The Tentlabs bias control has a different function to the Salas shunt. It is to bias a tube. Very useful if you have a push pull amplifier. Or a something like a dht preamplifier that is "universal" so you can use many types of tubes without having to change the cathode resistor. Etc. Etc.

In that sense this would be a competing product: DIYHS Active Bias Supply Module (Single pcb to Control 2 Power Tubes) | Diy HiFi Supply
Diyhifisupply's bias control.

Would be great if someone designs a diy version so us frugalphiles can try them :) Hint hint nudge nudge wink wink.

I had an article by David Baron in my diymag on just such a thing. But it looks suitably complex that a diy version may not be interesting. And I suppose it might not even be cheaper.
http://www.basaudio.net/pubs/DIYMAG_2006_3_4.pdf

The salas shunt reg is soon te be implemented in my power supply

Hi Bas,

I've been working at a solution to the PP biasing problem, too. Maybe I can aim for the same ballpark of cost as the filament regs - do you think that will be frugal enough??

I don't like the microcontroller idea much. Won't it get a virus?
 
Oliver,

It is true - the Filament supply should be floating, and then ONLY connected to Ground at the tube socket.

Here's my view of the general schematic for Transformer Line Preamp - use the transformer type (Lundahl, Sowter) to suit the DHT you are using.

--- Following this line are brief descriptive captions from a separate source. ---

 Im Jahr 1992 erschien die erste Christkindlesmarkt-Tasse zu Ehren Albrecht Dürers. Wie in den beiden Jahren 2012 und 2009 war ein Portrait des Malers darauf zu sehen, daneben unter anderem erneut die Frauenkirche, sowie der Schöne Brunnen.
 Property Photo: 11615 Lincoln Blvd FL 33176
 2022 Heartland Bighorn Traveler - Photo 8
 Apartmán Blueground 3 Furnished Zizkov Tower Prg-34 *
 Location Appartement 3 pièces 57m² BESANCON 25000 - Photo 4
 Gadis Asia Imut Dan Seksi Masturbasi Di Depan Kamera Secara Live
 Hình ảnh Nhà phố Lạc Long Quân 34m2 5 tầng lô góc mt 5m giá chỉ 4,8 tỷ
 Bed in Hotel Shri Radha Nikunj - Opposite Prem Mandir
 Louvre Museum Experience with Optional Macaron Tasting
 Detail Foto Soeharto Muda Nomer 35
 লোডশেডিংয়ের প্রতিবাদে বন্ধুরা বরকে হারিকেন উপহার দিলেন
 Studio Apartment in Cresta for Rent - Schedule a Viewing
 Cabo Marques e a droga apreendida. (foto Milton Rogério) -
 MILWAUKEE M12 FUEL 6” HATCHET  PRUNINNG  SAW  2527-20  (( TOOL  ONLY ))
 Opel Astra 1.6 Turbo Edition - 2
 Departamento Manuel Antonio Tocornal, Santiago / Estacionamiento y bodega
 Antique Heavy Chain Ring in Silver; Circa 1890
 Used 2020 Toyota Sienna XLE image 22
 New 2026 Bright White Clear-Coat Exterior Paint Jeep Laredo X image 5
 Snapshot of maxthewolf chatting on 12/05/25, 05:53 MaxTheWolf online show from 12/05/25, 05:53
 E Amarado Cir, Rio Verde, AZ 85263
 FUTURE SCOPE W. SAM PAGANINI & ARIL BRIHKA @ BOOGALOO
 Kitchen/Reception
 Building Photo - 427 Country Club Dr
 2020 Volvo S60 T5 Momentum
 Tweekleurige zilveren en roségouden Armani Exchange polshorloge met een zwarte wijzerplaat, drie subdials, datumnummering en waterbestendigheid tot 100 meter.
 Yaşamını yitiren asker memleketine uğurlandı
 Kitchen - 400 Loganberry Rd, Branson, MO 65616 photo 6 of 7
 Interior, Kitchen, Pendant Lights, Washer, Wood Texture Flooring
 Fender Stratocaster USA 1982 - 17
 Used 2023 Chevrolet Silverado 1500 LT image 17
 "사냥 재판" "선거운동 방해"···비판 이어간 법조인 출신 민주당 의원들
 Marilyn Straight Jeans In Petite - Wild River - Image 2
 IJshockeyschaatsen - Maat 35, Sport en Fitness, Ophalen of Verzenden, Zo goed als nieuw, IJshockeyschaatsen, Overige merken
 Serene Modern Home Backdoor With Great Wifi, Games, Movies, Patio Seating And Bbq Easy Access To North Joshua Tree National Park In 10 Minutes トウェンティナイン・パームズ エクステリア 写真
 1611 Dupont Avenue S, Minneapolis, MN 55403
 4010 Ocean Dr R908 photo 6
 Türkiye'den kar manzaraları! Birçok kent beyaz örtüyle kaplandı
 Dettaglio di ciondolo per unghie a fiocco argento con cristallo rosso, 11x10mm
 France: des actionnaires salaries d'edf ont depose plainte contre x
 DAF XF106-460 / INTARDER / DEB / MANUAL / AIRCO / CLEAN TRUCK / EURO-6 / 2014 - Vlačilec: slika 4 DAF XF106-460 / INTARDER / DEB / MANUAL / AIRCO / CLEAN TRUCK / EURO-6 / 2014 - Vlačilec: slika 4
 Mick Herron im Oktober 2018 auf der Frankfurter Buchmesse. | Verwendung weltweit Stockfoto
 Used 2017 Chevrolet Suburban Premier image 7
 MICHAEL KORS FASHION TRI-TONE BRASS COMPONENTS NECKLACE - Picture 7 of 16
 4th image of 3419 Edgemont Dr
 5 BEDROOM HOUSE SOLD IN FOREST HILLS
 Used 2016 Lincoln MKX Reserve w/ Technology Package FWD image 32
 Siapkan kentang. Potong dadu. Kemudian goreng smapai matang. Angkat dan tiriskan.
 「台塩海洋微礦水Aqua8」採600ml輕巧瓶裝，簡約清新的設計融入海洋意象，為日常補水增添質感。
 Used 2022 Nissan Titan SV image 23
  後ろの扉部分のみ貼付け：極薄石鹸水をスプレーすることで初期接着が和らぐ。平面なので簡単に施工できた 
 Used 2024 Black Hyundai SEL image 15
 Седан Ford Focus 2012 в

There's more details on connecting the Filament Supply in the PDF Manuals - sent today!
 

Attachments

  • DHTline.jpeg
    DHTline.jpeg
    80.4 KB · Views: 2,605
Well, I finally tried out battery bias on the grid instead of filament bias! My impression is that I prefer it to filament bias.

That's something I need to know - it'll certainly make my life easier - no need for high current resistors and large filament transformers. It's not night and day - filament bias is good when it's really clean with choke input etc. So I'll need to do a bit more comparisons to be sure.

Right now I have battery bias on my 10y preamp into a Hammond 126C transformer. My 26 preamp with LL1660/5mA still has filament bias, and that one sounds better than the 10y preamp when it had filament bias. So next need to try the 26 preamp with battery bias.

Any preferences for an input cap? I'm using a 0.1uF Russian silver mica. I also have the Russian teflon ones of various kinds I could try - thinking FT-2.